Frédéric Chopin

Polish composer and pianist Fryderyk (Frédéric) Chopin was BOTD in 1810. Born and raised in Warsaw, he was a musical prodigy, moving to Paris when he was 20 to further his career. Unlike his friend and fellow virtuoso Franz Liszt, Chopin avoided the concert circuit, preferring to perform in private concerts and supporting himself by selling his music and giving piano lessons. His compositions, mostly written for solo piano, included mazurkas, waltzes, nocturnes, polonaises, ballads, impromptus, preludes and sonatas, though he also wrote chamber music and two piano concertos. His music, influenced by Bach, Mozart, Schubert and Polish folk music, combined sophisticated craftsmanship with profound emotional colouring, expanding the piano’s capacities for dramatic expression and displays of technical skill. Known for his fastidious dress sense, elegant manners, sensitivity, hypochondria and dislike of noise, crowds and children, he nonetheless became a celebrity of the late Romantic period. After his failed engagement to Maria Wodzínska, he had a longer and turbulent relationship with the cross-dressing French writer George Sand. Less well-known but equally as well-documented were his passionate attachments to men, notably his friend Titus Woyciechowski, to whom he wrote a series of yearning love letters.
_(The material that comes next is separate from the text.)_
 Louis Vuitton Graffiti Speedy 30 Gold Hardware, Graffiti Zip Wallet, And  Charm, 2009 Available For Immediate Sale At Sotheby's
He died in 1849, aged just 39, after a long illness from tuberculosis. Buried in Père Lachaise cemetery in Paris, his funeral was attended by thousands of mourners. One of the most loved and frequently performed of the Romantic composers, Chopin continues to be revered in his home country and around the world. The International Chopin Piano Competition was established in his honour in 1927, as was Warsaw’s international airport. Details of his possible bisexuality have been censored by Poland’s aggressively homophobic government, and continue to be excluded from many biographies. He was portrayed by Hugh Grant as an effete consumptive in James Lapine’s 1991 film Impromptu.